Open the tool now — free, no signup, no watermark.
Copy a table out of a PDF and paste into Excel. Watch every column collapse into a single cell separated by spaces. That’s a flat-out useless format for analysis. The fix is real table extraction, not paste.
What “table detection” actually means
A good extractor looks for visual cues: vertical alignment of text, consistent row spacing, ruler lines, alternating row backgrounds. From those, it reconstructs a grid of rows and columns and writes each cell to its own .xlsx cell. The result is analysable data — sortable, filterable, formula-able.
Three patterns to expect
- Cleanly bordered tables (think SEC filings, scientific reports): near-perfect extraction. Column boundaries are unambiguous.
- Borderless tables with consistent alignment (most invoices, bank statements): great extraction with a quick boundary check.
- Multi-page tables: a good tool stitches them back together when row format is consistent. Mixed formats per page need manual intervention.
Three steps that save you 90% of the cleanup
- Run extraction with auto-detection on. Accept the proposed boundaries unless you spot a column merging two real columns.
- Open the .xlsx and scan the first and last rows of each table. Header row should be header-styled; last row should be data, not a footer.
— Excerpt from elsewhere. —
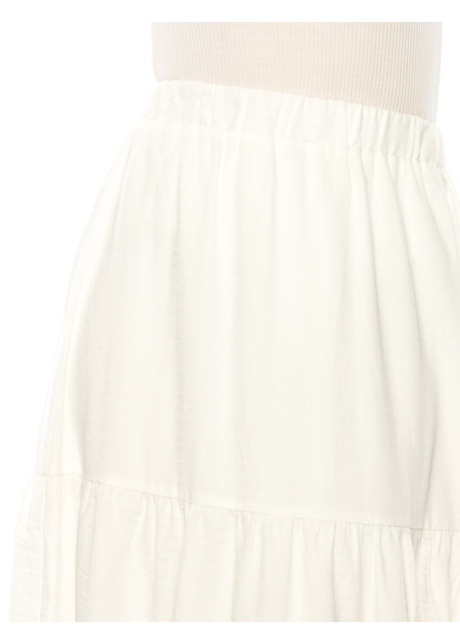 White A-Line Tiered Maxi Skirt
- Convert numeric-looking strings to actual numbers (Excel’s “Convert to Number” prompt) so totals work.
What you cannot recover
Formulas don’t exist in the PDF. If the original Excel had =SUM(B2:B12), the PDF only has the displayed sum. You’ll see the value, not the formula behind it. Rebuilding formulas from totals is sometimes feasible — if you need exact original formulas, source them from the workbook, not the PDF.
Frequently asked questions
Does PDF-to-Excel work on scanned tables?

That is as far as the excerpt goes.